Through the characters of Lazaro and Caroline’s companion Charly, Blais addresses the problem of the ever-recurring cycle of violence in the world. Lazaro swears to have revenge for Carlos’s act. His mother unsuccessfully tells him he must forgive Carlos, otherwise all of her actions have been pointless. His mother had rebelled against the unjust religious law that permitted her Muslim husband to confine and beat her. Lazaro, however, refuses to listen and rejects his mother. He was born Muslim and male and his heritage calls for vengeance. Charly, a Jamaican descendant of slaves, voices the same desire for revenge based on heritage. Carlos’s sister Venus is also victimized by the circumstances of her birth. Venus had escaped a life of poverty by marrying a rich drug dealer, Captain Williams, but the captain has been killed and she now finds herself at the mercy of the captain’s estate manager, Richard, who has her trapped in the house.

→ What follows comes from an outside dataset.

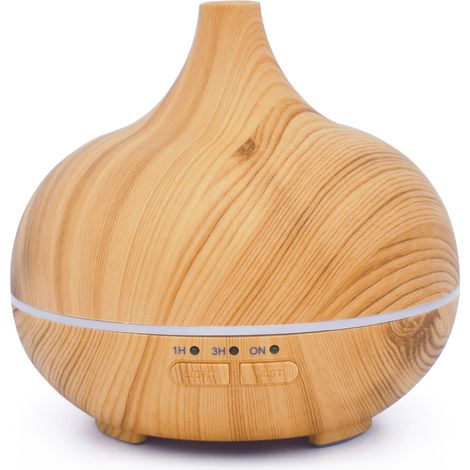 Humidificateur Pure Aroma 150 Yang. Humidificateur ultrasonique et diffuseur d'arômes 150 ml, minuterie 3 h, 7 couleurs LED, aromathérapie, ultra silencieux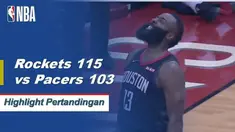 James Harden mencetak 40 poin untuk pergi bersama dengan sembilan assist saat Rockets menang atas Pacers, 115-103.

In this novel, Blais deals at length with the impossibility of eliminating suffering and anguish from human life. She juxtaposes characters who try to relieve suffering and characters who escape from it in art, creativity, and beauty. Asoka is a monk who every day witnesses the anguish and death of innocent people, especially children, as he ministers to the victims of war, while his brother Ari devotes himself to sculpting. Caroline, a photographer, has always photographed only beautiful people and objects. She refuses to record images of the victims of violence, war, and starvation, in contrast to the photojournalists, who with their photographs stamp these images into the minds of their readers.

The memorial service for Jean-Mathieu returns to the problem of mortality and God in a suffering world. Caroline muses on the death of her friend, on the exile of each person from the sensual world, and on the sense of loss and absence that comes to each individual.

Blais returns to the stream-of-consciousness technique she employed in These Festive Nights in her analysis of the impossibility of justice in the world and the cruelty of capital punishment. Tormented by the willingness of most judges to pronounce the death penalty, Renata thinks of nothing else as she prepares for a conference on the topic.